Six months ago Johnny Hallyday, the "French Elvis," announced that he was taking up Swiss citizenship to escape France's high tax rates, which absorbed about two-thirds of his income. Because Hallyday was known to be a supporter of then-candidate Nicolas Sarkozy, a political row immediately burst out. Showing some political courage, Sarkozy did not disavow Hallyday; instead he declared that the singer was quite justified. If he won the election, said Sarkozy, he would cut tax rates to entice France's high earners back home.
That promise was important to many more people than Johnny Hallyday. Something like half a million young French people are estimated to be living in southern England. The Kent Corridor from London to Dover is known, ironically, as "France's Silicon Valley." And for every Parisian exile, 10 actual Parisians still seethe under high taxes and think about emigration. That sums up why Sarkozy won Sunday's election.
Indeed, he did more than simply win an election. By any normal standard Sarkozy has established a clear mandate for sweeping conservative reform in France. He won the presidency by six points in an election that attracted a massive 85 percent turnout. He owed nothing of his victory to other parties or candidates — both the centrist François Bayrou and the ultra-rightist Jean-Marie Le Pen refused to support him. He made no secret of the character and extent of his reform program — indeed, as the Hallyday incident demonstrates, he rammed them home with enthusiasm. And it seems likely that he will be granted a friendly National Assembly with a large conservative majority in the forthcoming parliamentary elections.
So, if representative democracy works as it is supposed to do, Sarkozy will push through the market reforms that France has needed for at least two decades. He will deregulate its labor market, slim down the public-sector payroll, abandon the symbolic 35-hour work week, reduce public spending from its current 52 percent of GDP, and reform the French welfare state. Friends and admirers of France will hope that he succeeds. Americans will be especially supportive since he has said that with his election the U.S. has a "friend" — presumably he will end the anti-Americanism that has shaped French foreign policy under Jacques Chirac, his old patron and recent bitter rival. But will Sarkozy be able to push through such an ambitious and contentious program against opposition in the streets as well as in the corridors of power?
To say the least, it will be a high-risk project. In his first comments on the election, Sarkozy acknowledged that a passionate 47 percent of Frenchmen had opposed him. He denied that his victory was that of "one France over another" — even though the success of his program will require precisely that. He talked of the value of "social protection" and warned the European Union not to intrude on France's social programs. (Sarkozy supports the European Constitution that the French rejected last year because they believed it would dismantle such programs.) Even if these remarks are merely the usual pseudo-generosity that winning politicians show to the other side to soothe their hurt feelings, they nonetheless suggest the scale of Sarkozy's task.
That task is made harder and more complicated by non-economic problems — notably immigration and national identity.

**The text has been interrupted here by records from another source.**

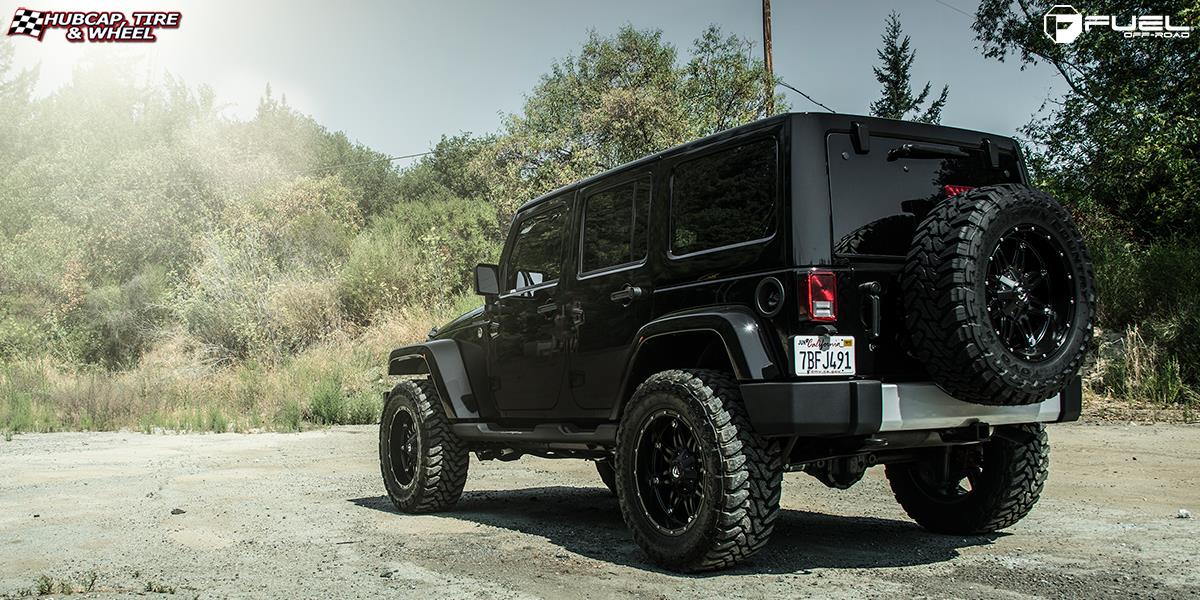 vehicle gallery/jeep wrangler fuel hostage d531 0X0  Matte Black wheels and rims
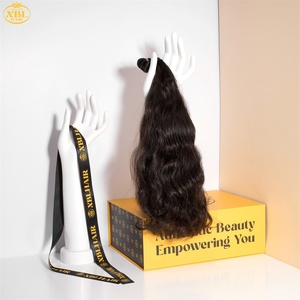Fasci di Capelli Umani Grezzi Ondulati Birmani a Doppia Trama, Colore Naturale Non Trattato, Ingrosso Indiano per Tessitura - Product Image 5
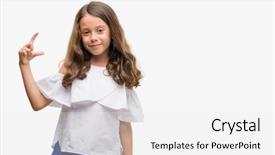  Presentation with kids fashion - Presentation theme with kids fashion show - brunette hispanic girl smiling background and a white colored foreground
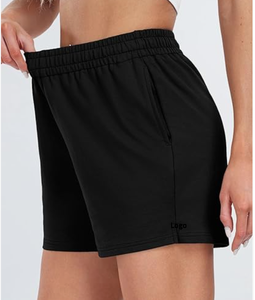 2024 Summer Women Trendy Print Plus Size Yoga Pants Casual Loose <b>Elastic</b> Waist Comfy Beach Shorts with Pockets - Product Image 6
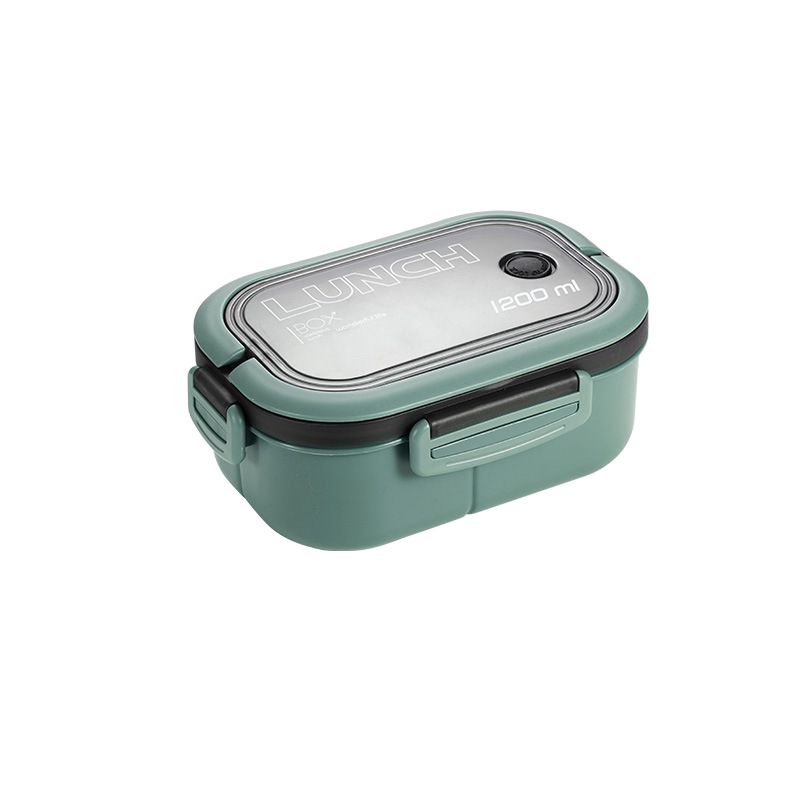 Single Double-layer Lunch Box Portable Compartment Fruit Food Box Microwave Lunch Box With Fork And Spoon Picnic Fresh Box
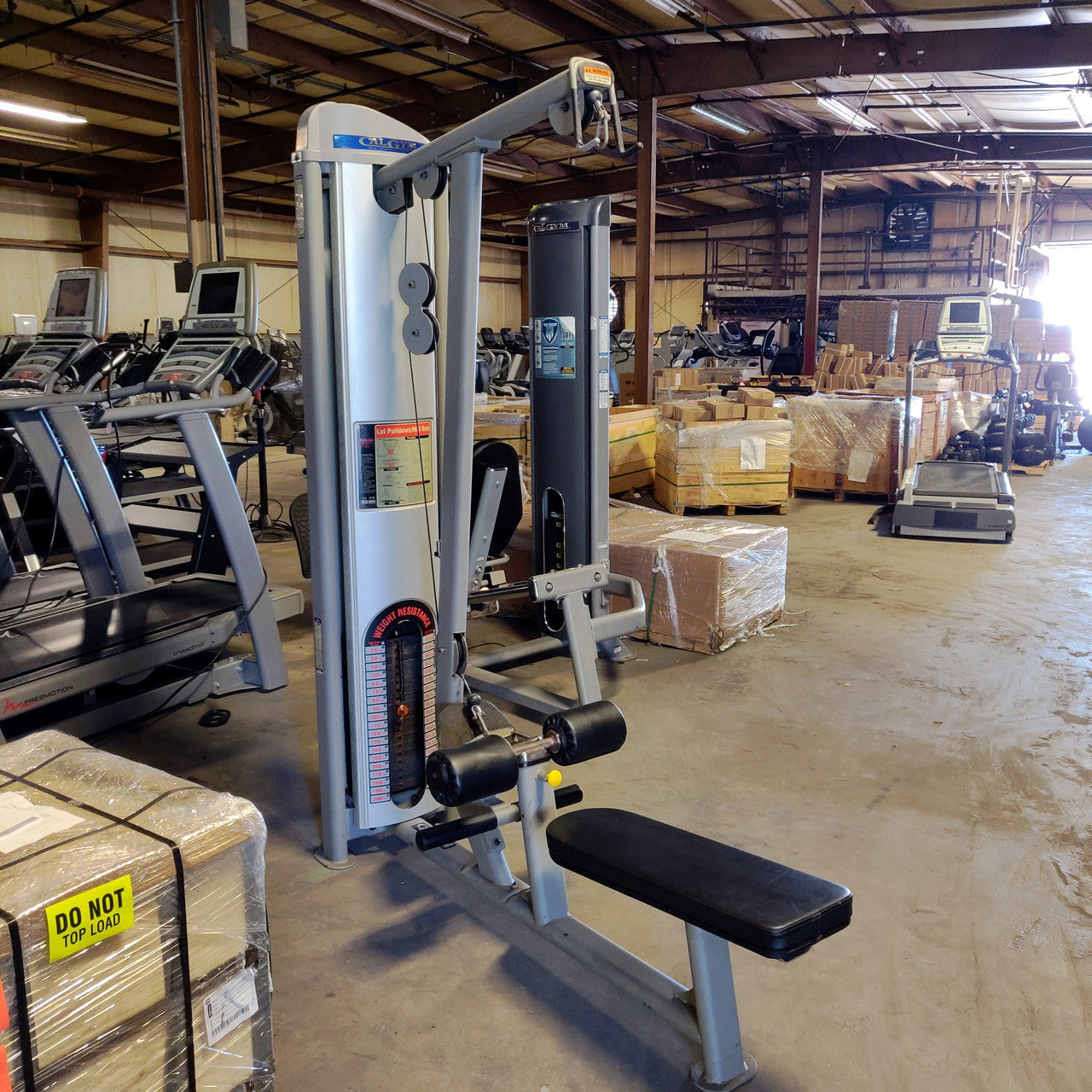 TuffStuff Calgym Lat Pulldown Low Row Combo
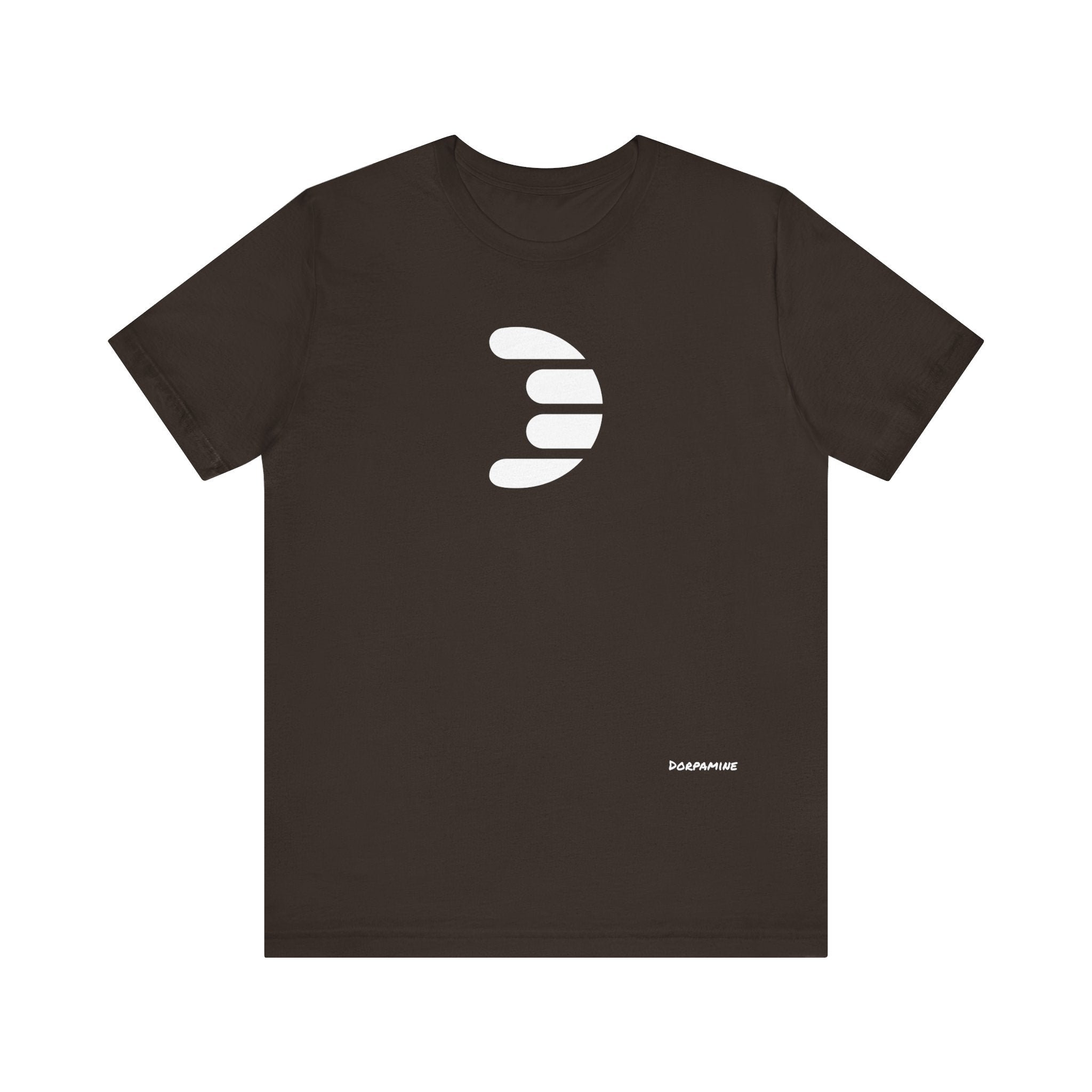 Dorpamine Classic Logo White Unisex Jersey Short Sleeve Tee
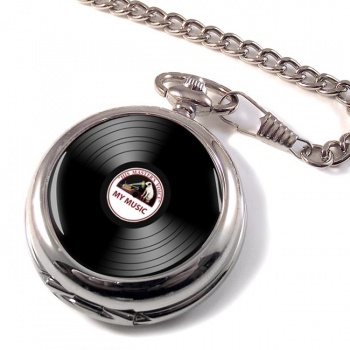 DJ Record White Label Pocket Watch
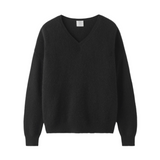 Almada Zaya V Neck Sweater in Black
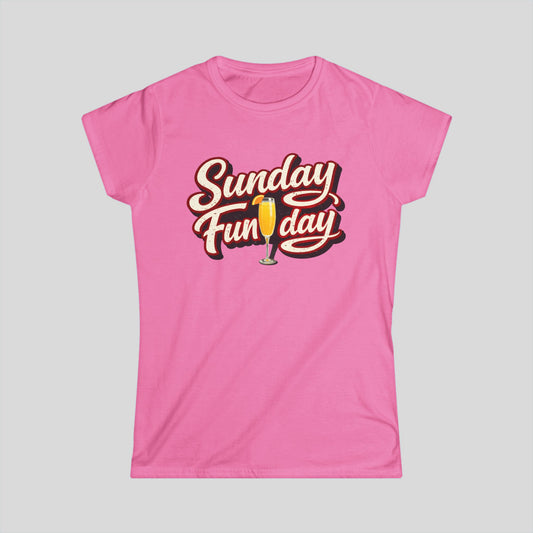 Sunday Funday Women’s T-Shirt – Mimosa Brunch Graphic Tee | Teesrus716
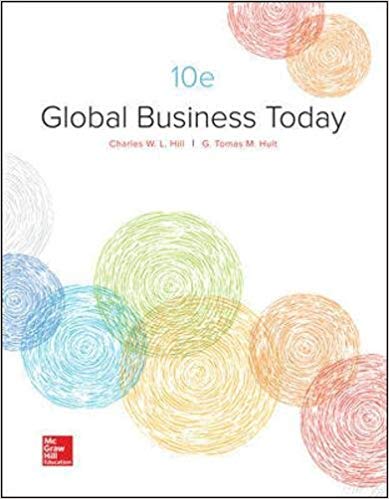 Test Bank for Global Business Today 10th Edition by Charles W. L. Hill Dr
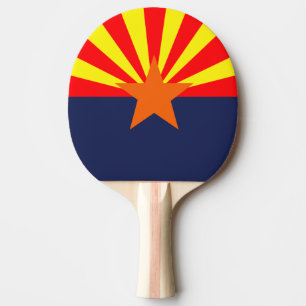 RAQUETTE DE PING PONG DRAPEAU DE L'ARIZONA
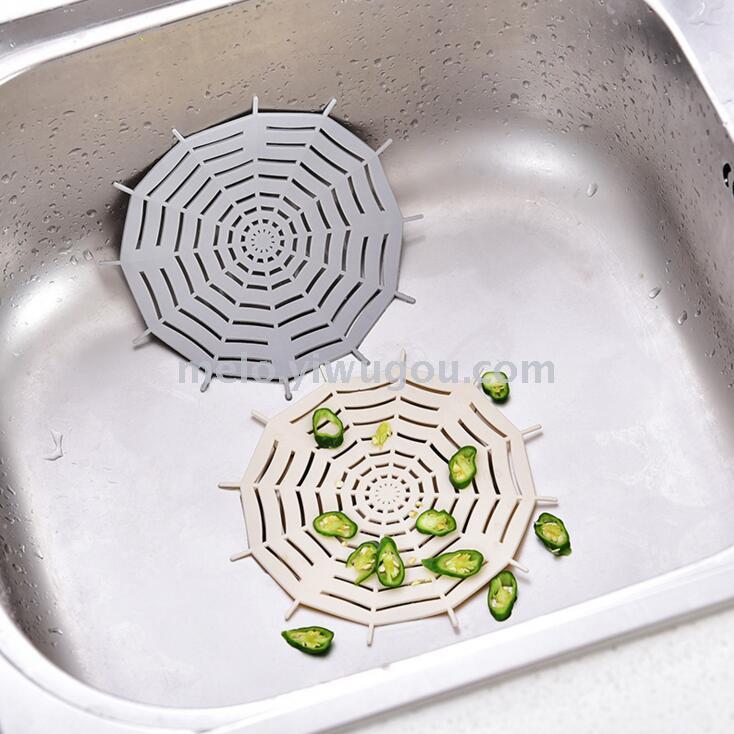 Spider web filter &amp; floor drain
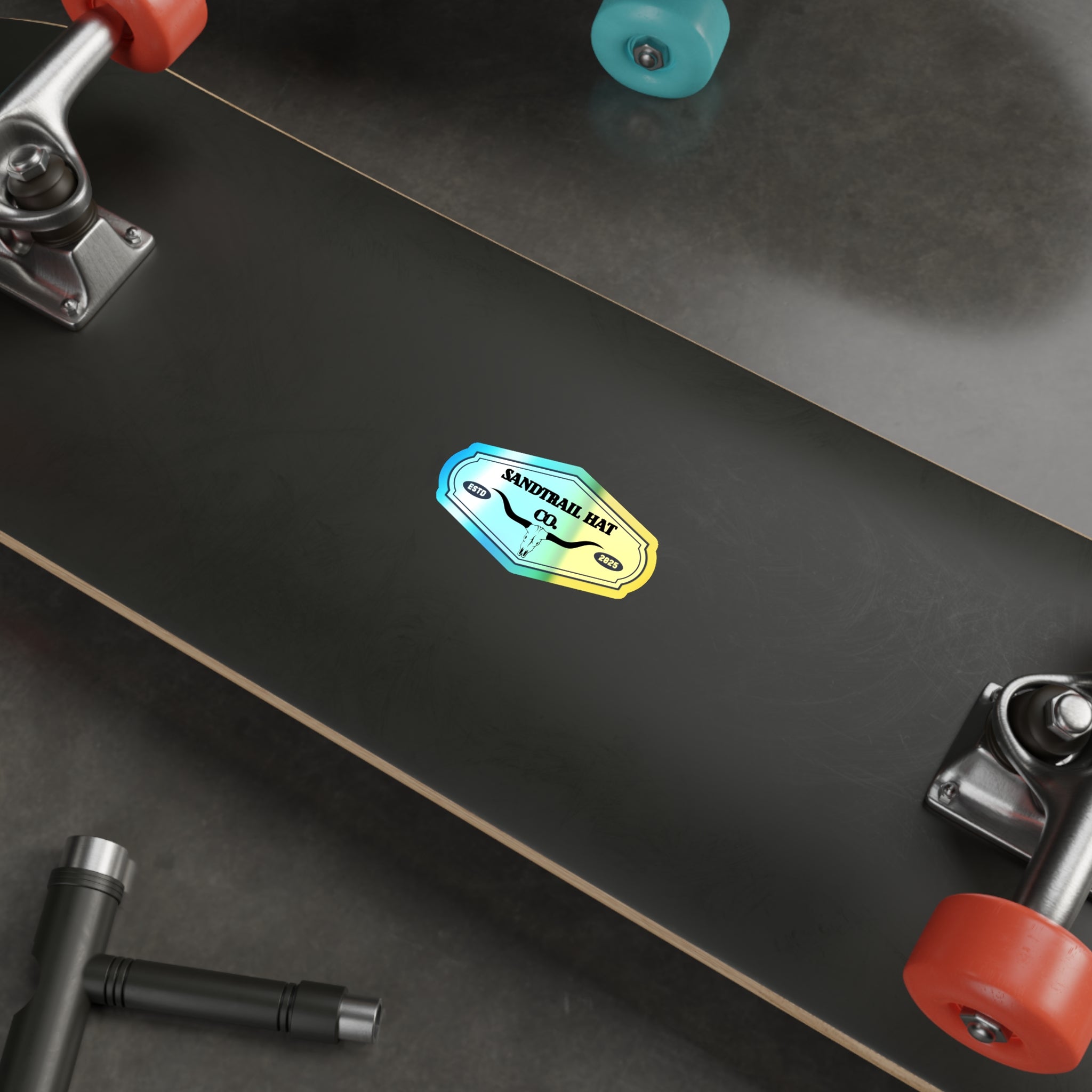 Holographic Die-Cut Sticker — Sandrall Hat Co. Logo (ESTD 2025)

Young people in the banlieues around major cities, either immigrants or the descendants of immigrants, are disproportionately unemployed because of France's inflexible labor market. Economically and socially excluded, they fall prey to extremist ideologies, generally Muslim ones, and reject their identity as Frenchmen. That makes them less employable. To make matters worse, they are likely to fight against the very measures of labor-market flexibility that could help them.
Sarkozy's greatest problem, however, is that with all its problems France is stable. Those Frenchmen in work, especially those in the public sector, have a guaranteed comfortable existence even under high tax rates. France has not yet suffered a "winter of discontent" — a collapse of the economy under strikes and labor unrest similar to the one that persuaded the British that there was no alternative to Thatcher's economic and labor reforms. Taxes are high, jobs are scarce, and cars are burning in the banlieues, but life is far from unendurable. Most Frenchmen still see no urgent reason to change. Some will fight to protect their subsidies — the middle class in politics and cultural debate, the labor unions in the streets. Others who now favor Sarkozy's program may abandon his cause when it becomes too much trouble.
None of this means that the Sarkozy's reforms are doomed — merely (though it's a big "merely") that their success depends to a very great extent on Sarkozy personally. Sunday he beat all sides — including most leaders of his own party — to win the presidency. He is clearly a resourceful and tough politician, as well as a clear economic thinker. He will need all his talents — and more — to win this Battle of France.